3. GENEROUS BOSOM #1 by Conor Stechschulte. Published by Breakdown Press.

See, there’s a thickness to every aspect of this book, as if gravity itself is exerting some different type of influence on these pages. There’s a disturbing weight to it, as if it were a singularity unto itself, composed, metaphorically, of an infinite density.

2. SAINT COLE by Noah Van Sciver. Published by Fantagraphics.

Because Saint Cole is part of the long tradition of the balladry of brutality. It sings the song of the sink hole caused by a life lived in response to expectations it could never fulfill. It's the chant you hear in the places people gather to drown out their sorrows, it echoes in the alley behind the neighbor's house whom you've never met, it rings in your own head from time to time, that is, if you are sensitive to it.

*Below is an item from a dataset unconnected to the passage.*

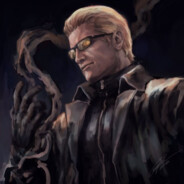 Wesker's Boytoy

1. ANN BY THE BED (FRONTIER #6) by Emily Carroll. Published by Youth in Decline.

In this book, Carroll manipulates conventional narrative with a surgeon's scalpel cutting through cause and effect, bouncing her reader through time and space, disconcerting as she disconnects, adding a layer of displacement to the tone of its entirety. Then there's her apt choices of art style and color use, each of which adds another emotional hue. As well, she varies the thickness of her inking to contract and expand, and her lettering changes to resonate with the mood she is working with. In Ann by the Bed, Carroll uses all the evocative tools that comics offer in order to concentrate the tenor and the feel of the reading experience.


HOLLOW IN THE HOLLOWS by Dakota McFadzean. Published by One Percent Press

PERPLEXING STORIES by Jonathan King. Published by Eel Noir.

BIG PUSSY by Gina Wynbrandt. Published by 2D Cloud.

SUPERCAKES by Kat Leyh. Published by Yeti Press.

ABSTRACT KIRBY 1 and 2 by Mark Badger.